A.U. LASAGABASTER
mundial

La confirmación y la revelación buscan billete a la final de Vancouver

Mientras Alemania y Estados Unidos se batían esta pasada madrugada, otras dos selecciones apuraban los preparativos de la segunda semifinal. Dos equipos bien diferentes pero con un mismo objetivo, la pelea por el oro.

Ya la conoce, con éxito, Japón que, sin hacer demasiado ruido pero con un fútbol efectivo y sin fisuras, repite en la lucha por las medallas. La confirmación de lo que sucedió hace cuatro años en Alemania, estuvo a punto de repetirse hace tres en Londres –las Nadeshiko lograron la plata olímpica– y se ha seguido trabajando desde entonces, con el primer triunfo en la Copa Asiática y un gran trabajo en categorías inferiores. Una labor que tiene su reflejo en este Mundial, con la participación de nuevos valores que, hasta ahora, vienen defendiendo con seguridad el título logrado en la edición anterior.

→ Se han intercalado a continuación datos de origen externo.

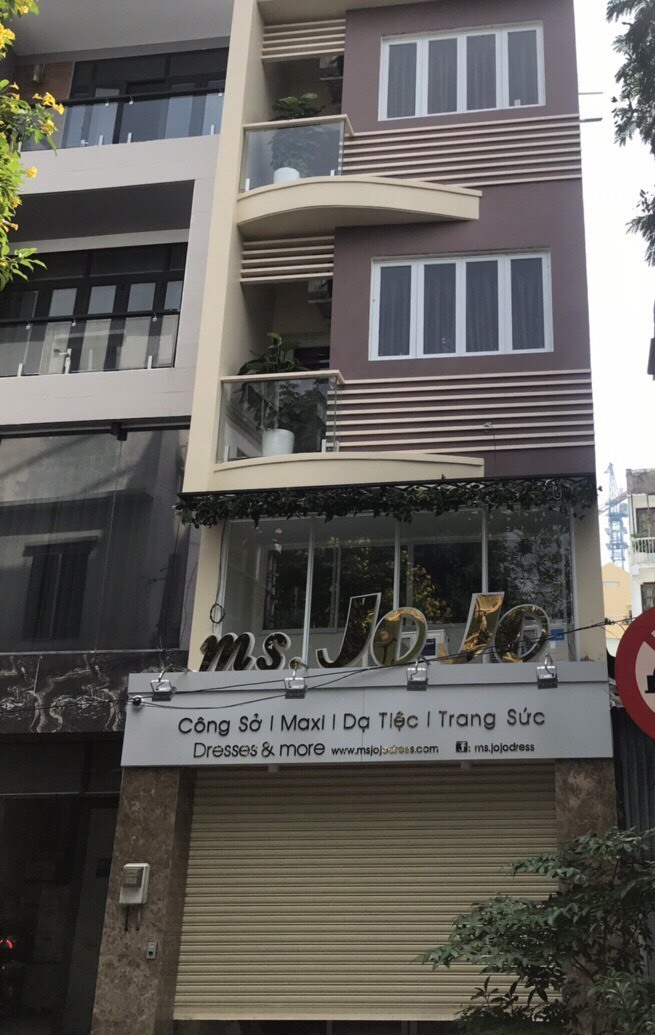 Cho thuê nhà NCMT Đồng Nai P15 Q10. Trệt lửng 3 lầu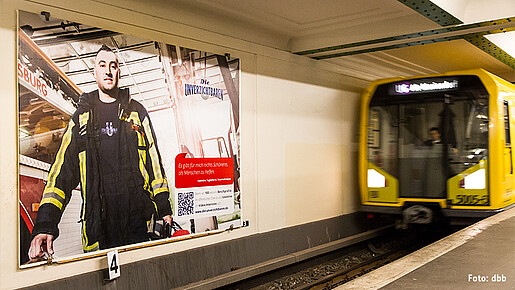 Die Unverzichtbaren, Plakat in der Berliner U-Bahn Die Unverzichtbaren, Plakat in der Berliner U-Bahn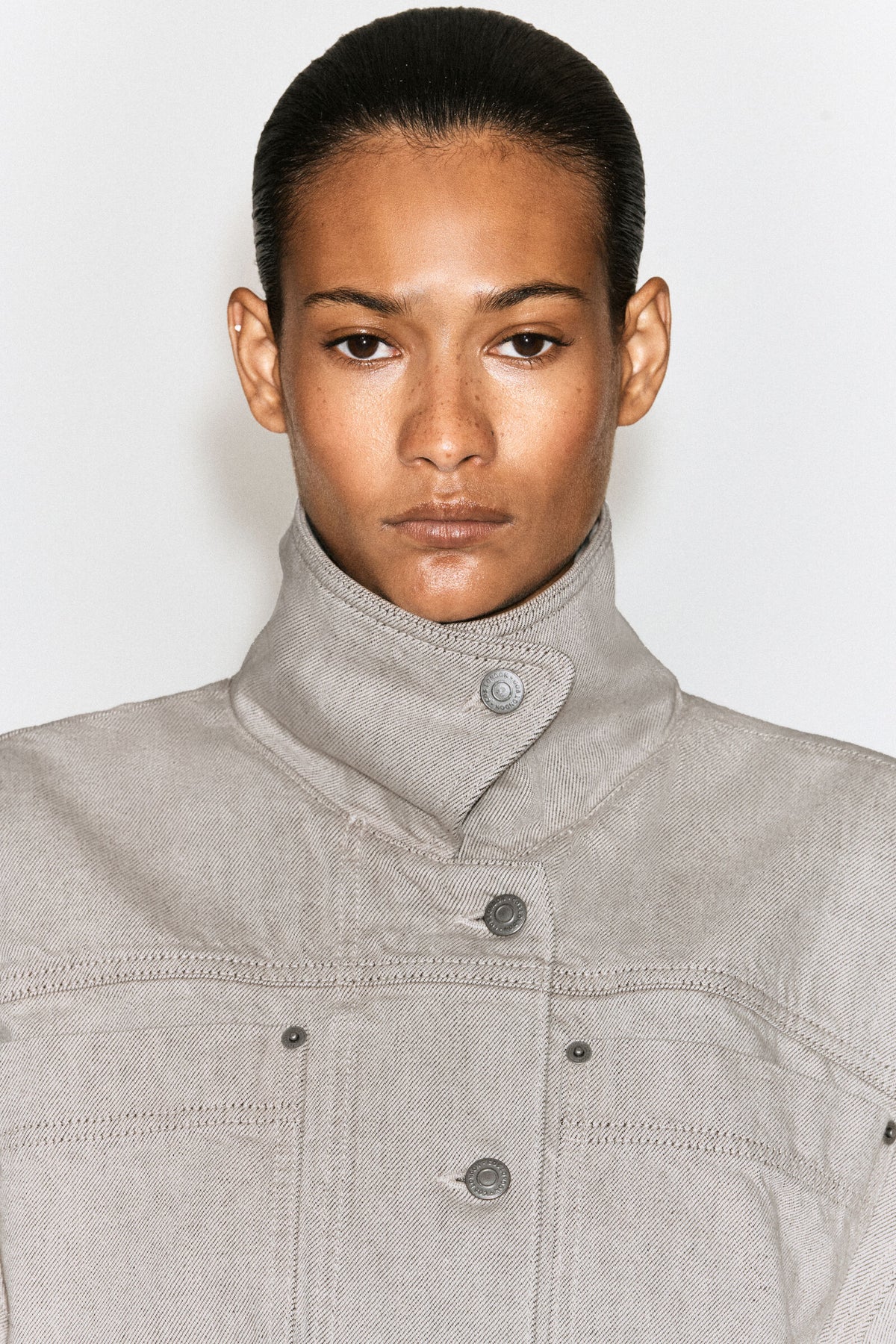 CHAQUETA DE MEZCLILLA - BEIGE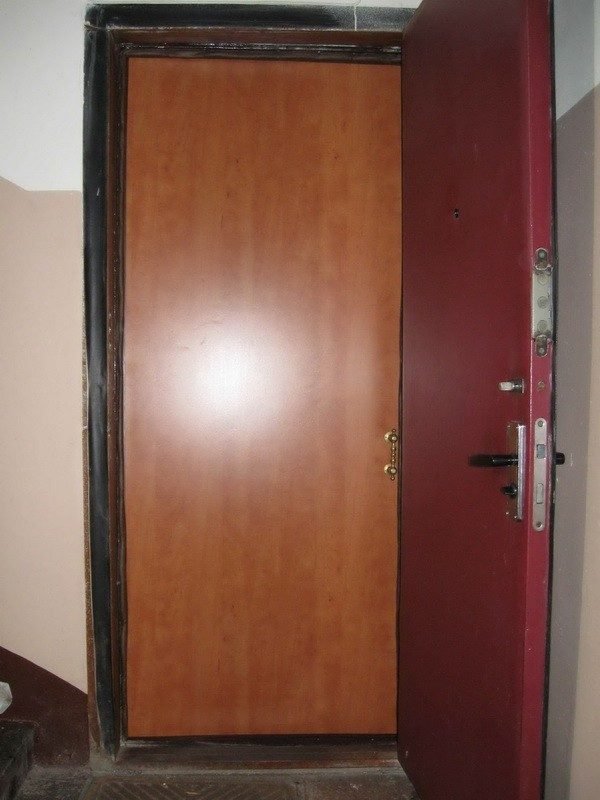 Установка металлической двери в квартире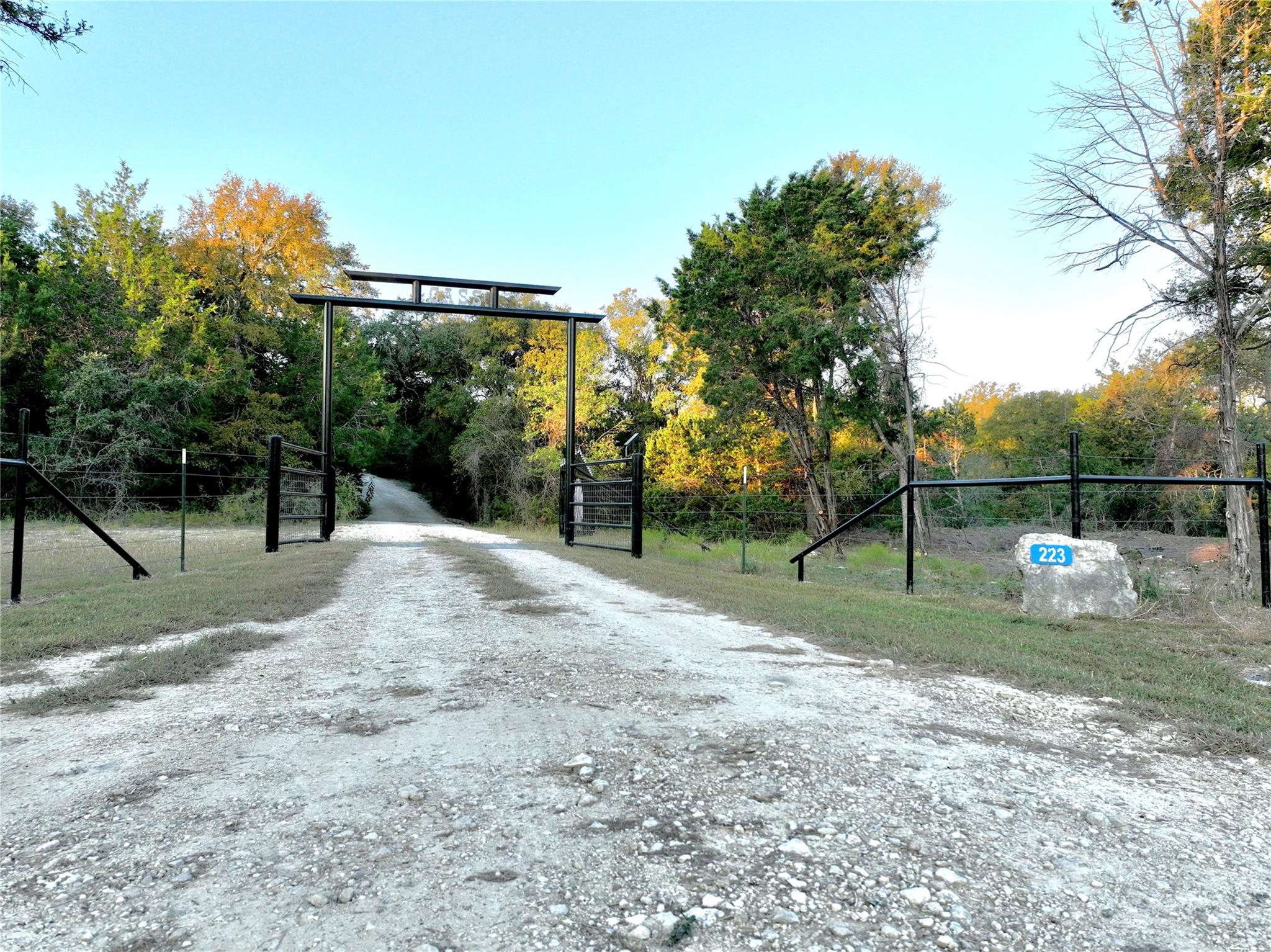 223 Private Road 3449 Property Photo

Las niponas se enfrentarán en Edmonton (01.00) a la selección que quiere coger su testigo, protagonizando la campanada de este Mundial. Inglaterra llega por primera vez a semifinales con una sola derrota a sus espaldas –ante Francia en el partido inaugural–, dos triunfos solventes en la fase de grupos ante México y Colombia, la remontada frente a Noruega y la posterior eliminación de las anfitrionas. Aunque, curiosamente, fue el único equipo capaz de batir a Japón en Alemania 11’ (3-0 en la fase de grupos), parte claramente como la cenicienta de esta ronda. Sobre todo por su rendimiento defensivo. Es el único semifinalista que ha encajado algún gol en todos sus partidos, una estadística poco halagüeña ante un rival como Japón, capaz de rentabilizar al máximo sus goles.